Mein erster Eindruck von Bosnien war: unvorstellbare Umweltverschmutzung. Nicht in den Städten, sondern auf den Feldern, im Wald und in den Flüssen. Alles, vor allem Plastik, wird weggeworfen und dann vom Wind vertragen. Manche Gebiete könnte man, selbst wenn man wollte, nicht reinigen, weil vermint.

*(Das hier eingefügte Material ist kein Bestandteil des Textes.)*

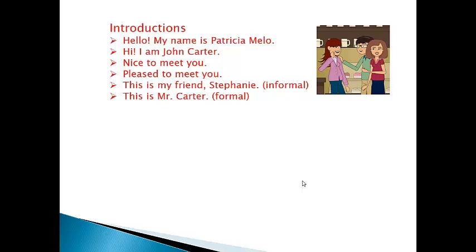Si queremos presentar a una tercera persona a alguien, tenemos dos formas: una forma formal y una forma informal. Si hablamos de la forma informal, en este caso presentamos a Stephanie y le decimos: 'This is my friend Stephanie.' Como es una persona conocida y amiga mía, la puedo presentar de esta manera y solamente doy su primer nombre. En cambio, si ya es una persona que es una autoridad, la presentamos de otra manera usando el apellido: 'This is Mr. Carter' — este es el señor Carter. También se utiliza 'glad to meet you' — son variaciones pequeñas pero el significado y la función es la misma.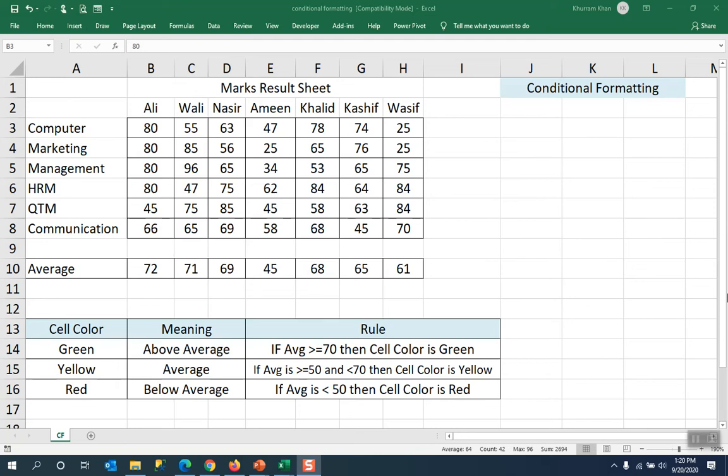Okay, let's talk about conditional formatting. Let's see a practical example.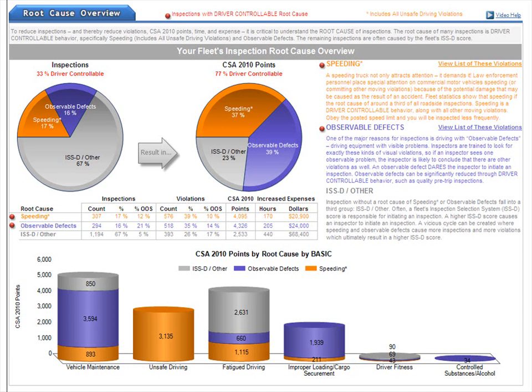This Vigillo video will focus on the second section of the Vigillo CSA 2010 Inspection Root Cause Scorecard. You can pause, rewind, or fast forward at any time.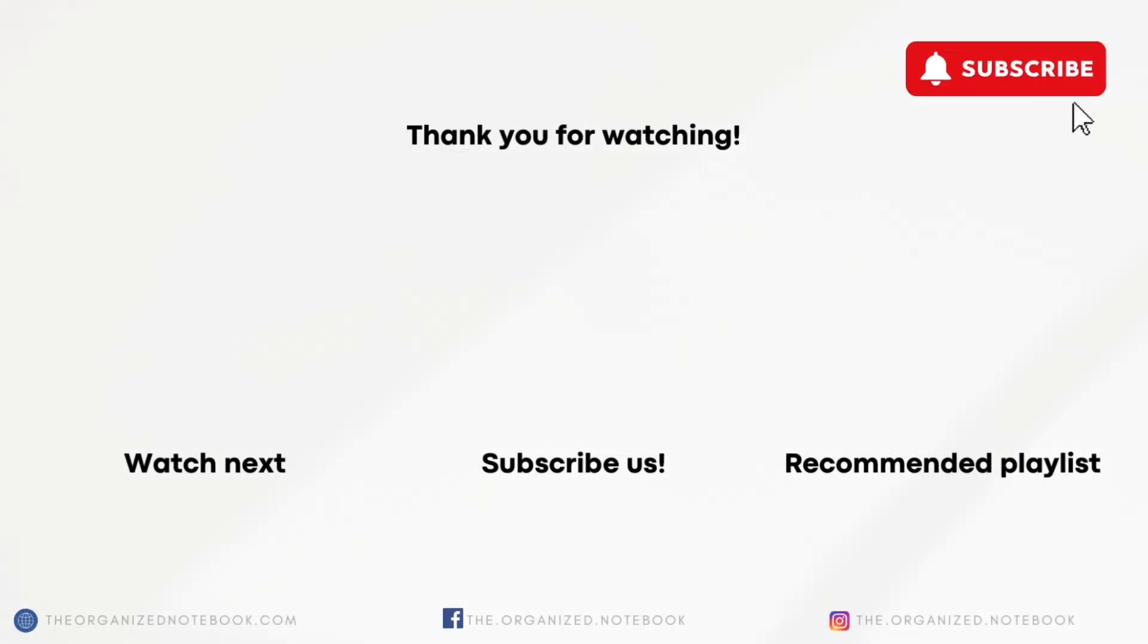We hope that this was useful for you all. If you have any questions or comments feel free to let us know and we hope to see you all in the next video.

Mein zweiter Eindruck war: "die" brauchen gar keine Hilfe mehr. Rechts und links neben der Straße stehen überdimensionierte Häuser, mit Protzzäunen und Protzbalkonen. Ein Statussymbol scheint ein weißer Schwan zu sein, anzunehmen: made in Hongkong. So geht es vermutlich den internationalen Hilfsorganisation. Wenn man aber mit Annemarie und Miroslav fahrt, dann allerdings erfährt man von dem anderen Bosnien, dem Bosnien der Flüchtlinge im Land. Die Protzhäuser, die auch meist leer stehen, wurden von den Flüchtlingen gebaut, die ins Ausland geflüchtet sind. Jene, die geblieben sind, sind auch heute noch mit großer Armut und ethnischen Konflikten (um nicht Hass zu sagen) konfrontiert. So will eine Muslimin die Dekubitusmatratze für ihren schwer kranken Sohn nicht verwenden, weil sie von Christen stammt; so will ein katholischer Priester seine Schuhe vor einem muslimischen Haus nicht ausziehen. So antwortet ein katholischer Kaplan auf die Frage, welche Sicherheit er bieten könnte, dass die von ihm geforderte Investition von € 50.000,- entsprechend der Widmung verwendet wird: "Wenn wir das Geld veruntreuen, können Sie uns ja am nächsten Baum aufhängen." So zeichnet ein 4jähriges Kind eine Landschaft, in der man nicht den direkten Weg zum erwünschten Ziel wählen kann, weil vermint. Die einzigen Worte, die dieses Vorschulkind schreiben kann, sind sein Name, Mine und Bombe.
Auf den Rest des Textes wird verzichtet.